Coal ash contains more energy than was gained from burning the coal.

https://www.world-nuclear.org/information-library/facts-and-figures/heat-values-of-various-fuels.aspx

Natural uranium, in FNR 28,000 GJ/kg [so 28e9 J/g]
Hard black coal (IEA definition) >23.9 MJ/kg
Hard black coal (Australia & Canada) c. 25 MJ/kg [so 25e3 J/g and 207.25 g/mol according to https://pubchem.ncbi.nlm.nih.gov/compound/1-Anthrylmethanolate]
Sub-bituminous coal (IEA definition) 17.4-23.9 MJ/kg
Sub-bituminous coal (Australia & Canada) c. 18 MJ/kg
Lignite/brown coal (IEA definition) <17.4 MJ/kg
Lignite/brown coal (Australia, electricity) c. 10 MJ/kg


mass / molar mass = moles

moles * avogardo = number of molecules


number / avogadro = moles

moles * molar mass = mass


1e6 / 6.022140857e24 * 207.25 = 3.4414672e-17 g of coal = 8.603668e-13 J (25e3 J/g * 3.4414672e-17 g)
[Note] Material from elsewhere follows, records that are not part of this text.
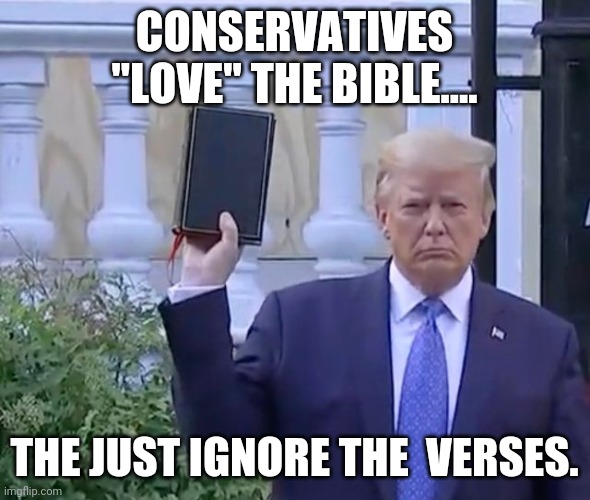 Conservative "Christians " | CONSERVATIVES "LOVE" THE BIBLE.... THE JUST IGNORE THE  VERSES. | image tagged in evangelicals,trump supporters,never trump,maga,donald trump,conservatives | made w/ Imgflip meme maker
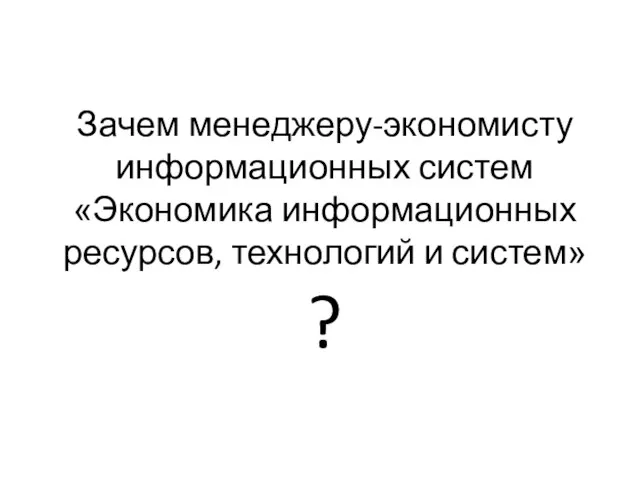 Зачем менеджеру-экономисту информационных систем «Экономика информационных ресурсов, технологий и систем» ?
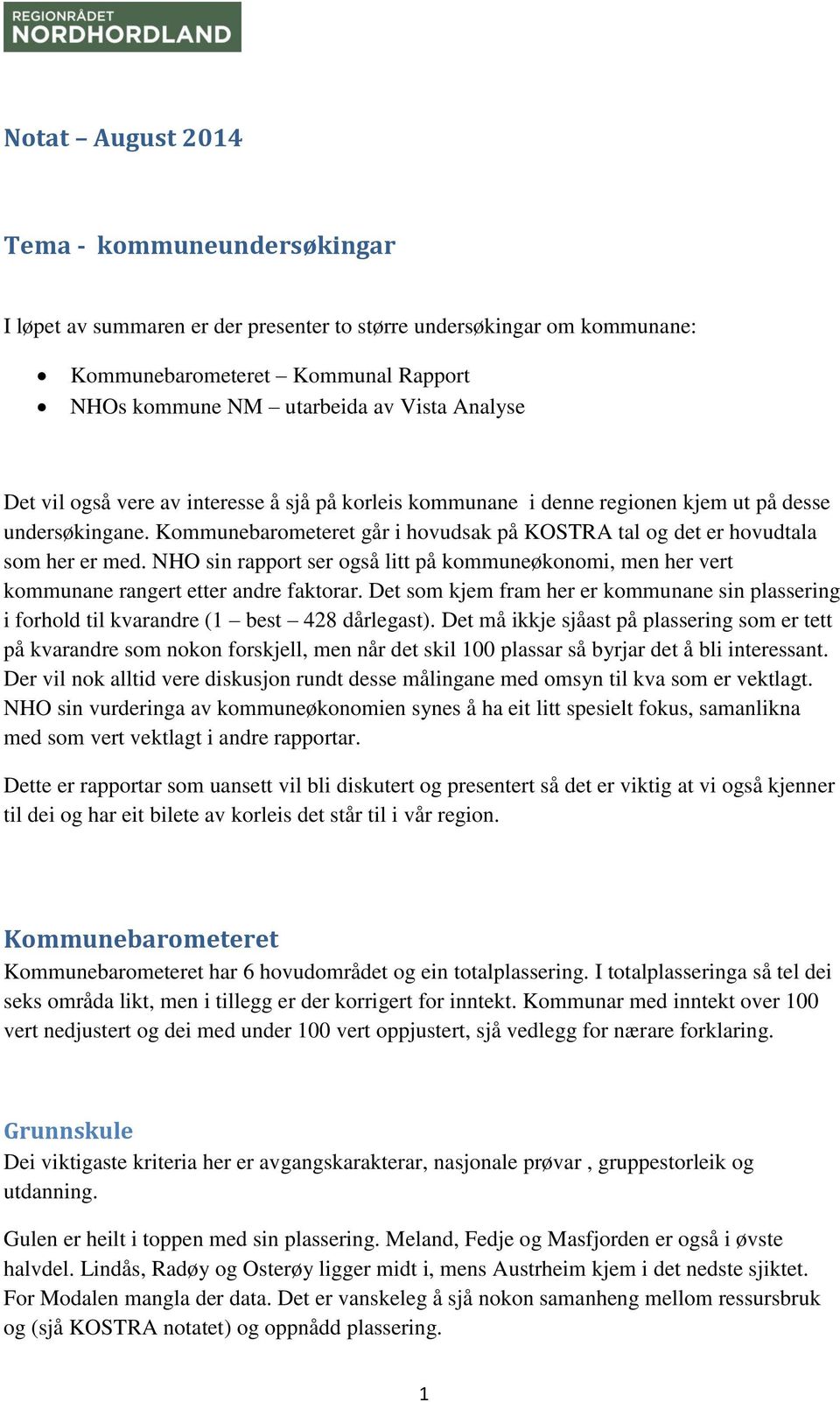 NHO sin rapport ser også litt på kommuneøkonomi, men her vert kommunane rangert etter andre faktorar. Det som kjem fram her er kommunane sin plassering i forhold til kvarandre (1 best 428 dårlegast).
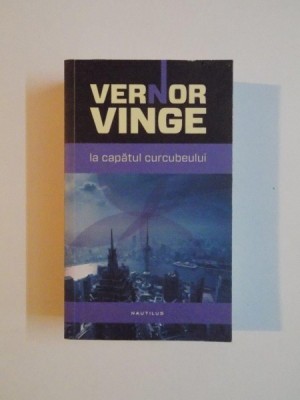 LA CAPATUL CURCUBEULUI de VERNOR VINGE , 2012 foto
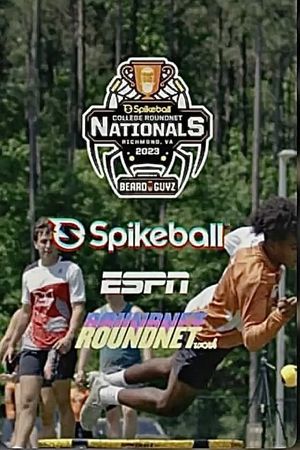 Teams and Dreams: Spikeball 2023 College Nationals's poster image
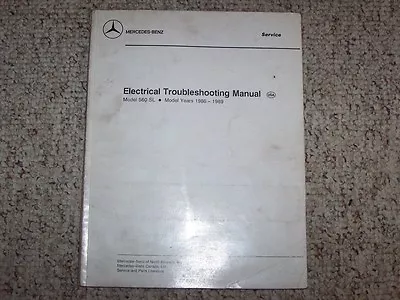 1988 Mercedes Benz 560SL 560 SL Electrical Wiring Diagram Troubleshooting Manual • $209.61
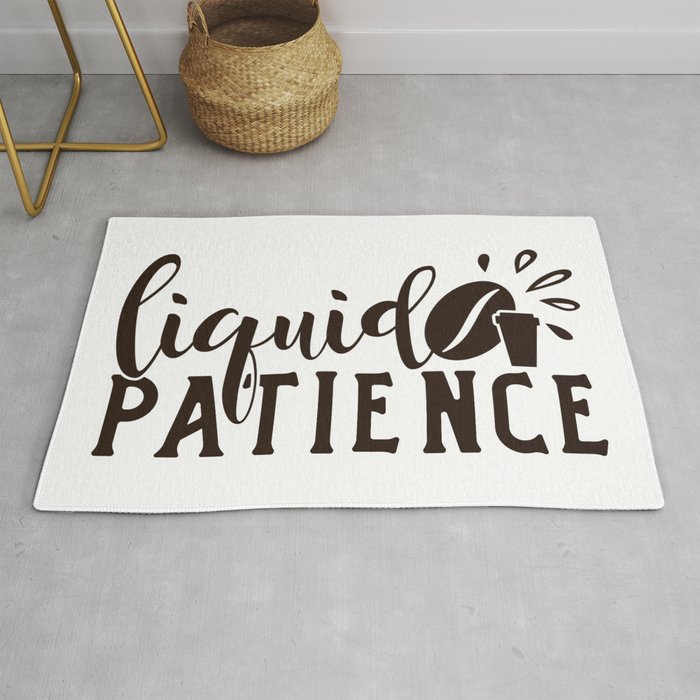 Liquid Patience Coffee Quote Funny Rug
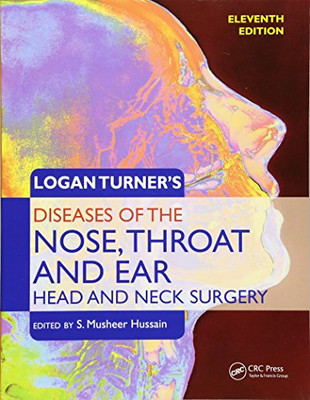 Logan Turner's Diseases of the Nose, Throat and Ear, Head and Neck Surgery: Head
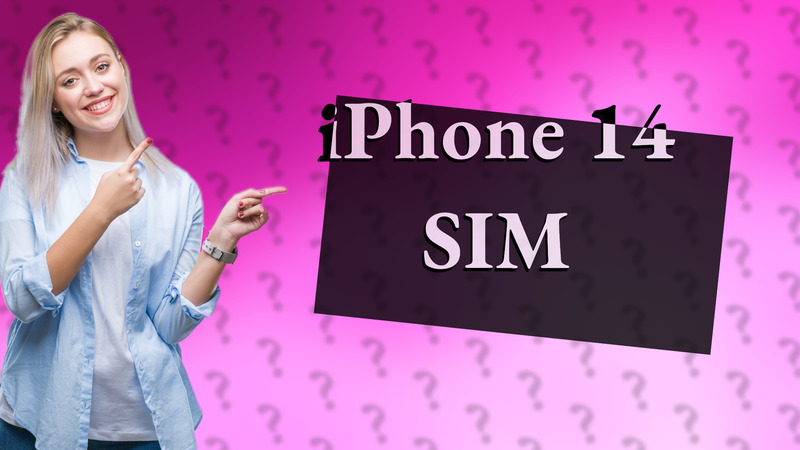 iPhone 14 SIM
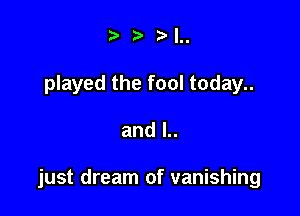 .5' ',,

played the fool today..

and l..

just dream of vanishing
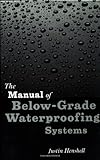 The Manual of below-Grade Waterproofing Systems, Henshell, Justin and Griffin, C. W., 0471377309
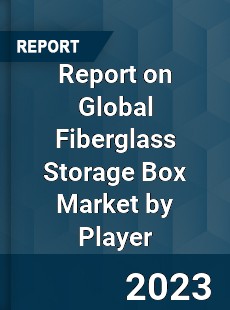 Report on Global Fiberglass Storage Box Market by Player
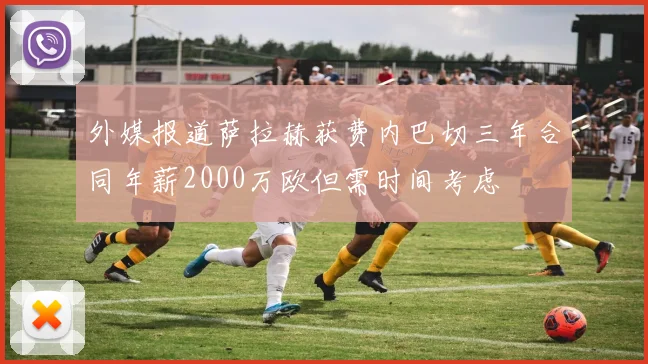 外媒报道萨拉赫获费内巴切三年合同年薪2000万欧但需时间考虑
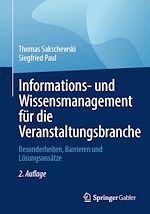 Télécharger le livre :  Informations- und Wissensmanagement für die Veranstaltungsbranche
1 / 6.022140857e24 * 238.02891 = 3.952563e-23 g of uranium = 1.1067176e-12 J (28e9 J/g * 3.952563e-23 g)

1 / 6.022140857e24 * 232.03806 = 3.8530826e-23 g of thorium = 1.0788631e-12 J (28e9 J/g * 3.8530826e-23)


https://pubs.usgs.gov/fs/1997/fs163-97/FS-163-97.html

"2,000 coal samples from the Western United States and approximately 300 coals from the Illinois Basin. In the majority of samples, concentrations of uranium fall in the range from slightly below 1 to 4 parts per million (ppm). Similar uranium concentrations are found in a variety of common rocks and soils, as indicated in figure 2. Coals with more than 20 ppm uranium are rare in the United States. Thorium concentrations in coal fall within a similar 1–4 ppm range"


So at 1 ppm uranium and 1 ppm thorium, a coal power plant releases only (8.603668e-13 / (1.1067176e-12 + 1.0788631e-12)) = 0.3936559286 = 39% of the available energy in coal.